Kosher is there is a difference between the letter of the law and the spirit of the law.

  • Question As far as I have found, the letter of the law regarding Kosher requires:
      • a blade without a nick in it,
      • animals can not be less than one week old,
      • for Passover sacrificial lamb must be at least one year old, and,
      • of course, no pork or shell fish. In addition, animals can’t work on the Sabbath,
      • if one is sick or injured, then can, for instance, drive to Vet,
      • can’t kill baby in front of mother.
    • However, the Talmud also has Tsaar Baaleih Chaim, Compassion for all living creatures, so I would like to know if there are “spirit of the law” parts in Talmud or later Jewish writings that extend more protections for animals.
      • For example, industrial raising of chickens put 16 in cage, the birds go crazy and attack themselves, so they cut off their beaks. Fois gras, force feeds geese until their livers burst. To get veal, they put calves in stalls where they can’t move and force feed them milk. Feedlot cows are fed corn and soy which often makes them sick because they are designed to eat grasses. Though Torah only prohibits killing before one week old, are there any later writings that extend the minimum age?
    • Are there any writings about the quality of their lives, e.g. allowing free range rather than penned in?
    • What I need is a comprehensive list of everything that Judaism says about animals, especially those used for meat.
    • I need direct quotes and complete references (where found).
    • I am not in a hurry, so if you can find someone willing to help, doesn’t matter if it takes several months.
  • Answer There are different mitzvahs in the Torah which address different issues. “Kosher” has to do with the species of animal, the way it is slaughtered, and removal of the blood from the meat.
    • “Kosher” does not address the issue of conditions in which the animal is raised
    • There is another mitzvah, however, which addresses your concern. “Tzar Baalei Chaim” is the Torah prohibition against causing pain to animals. And based on this, the great Rabbi Moshe Feinstein indeed forbade raising animals in cramped and painful conditions.
    • As an aside, there are some veal farms who go to great lengths to treat calves in an ethical manner.

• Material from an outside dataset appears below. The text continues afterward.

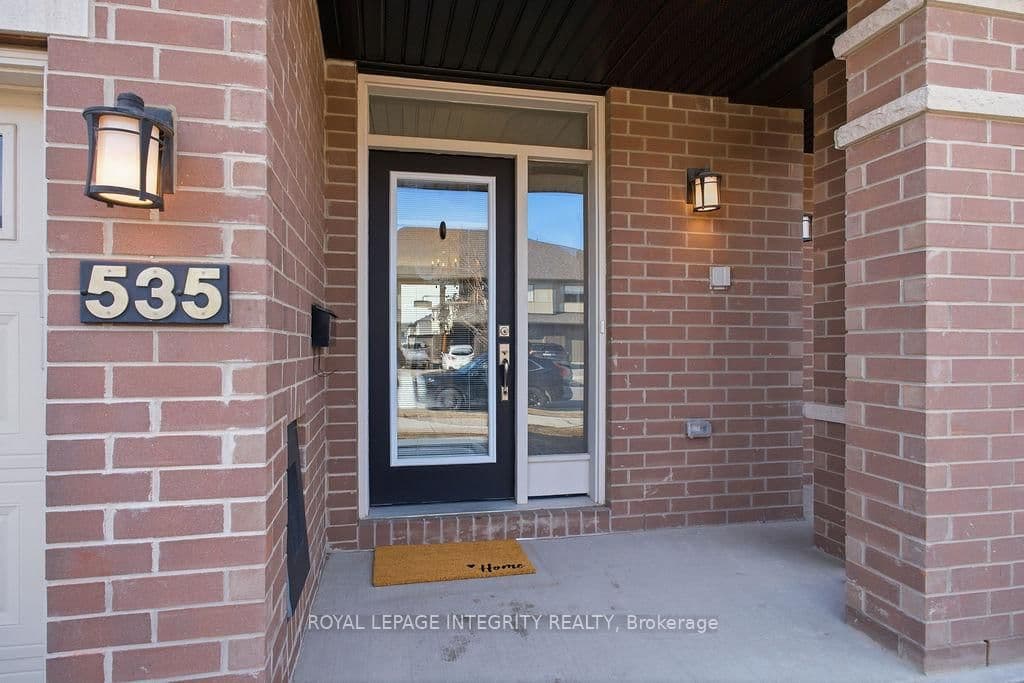 535 BORBRIDGE Avenue, Ottawa, ON — photo 2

Other mitzvahs concerned with the protection of animals include:

      • It is prohibited to cause pain to animals – tzaar ba’alei chaim. (Talmud – Baba Metzia 32b, based on Exodus 23:5)
      • One is obligated to relieve an animal’s suffering (i.e. unburden it), even if it belongs to your enemy. (Exodus 23:5)
      • If an animal depends on you for sustenance, it is forbidden to eat anything until feeding the animal first. (Talmud – Brachot 40a, based on Deut. 11:15)
      • We are commanded to grant our animals a day of rest on Shabbat. (Exodus 20:10)
      • It is forbidden to use two different species to pull the same plow, since this is unfair to the weaker animal. (Deut. 22:10)
      • It is a mitzvah to send away a mother bird before taking her young. (Deut. 22:7)
      • It is forbidden to kill a cow and her calf on the same day. (Leviticus 22:28)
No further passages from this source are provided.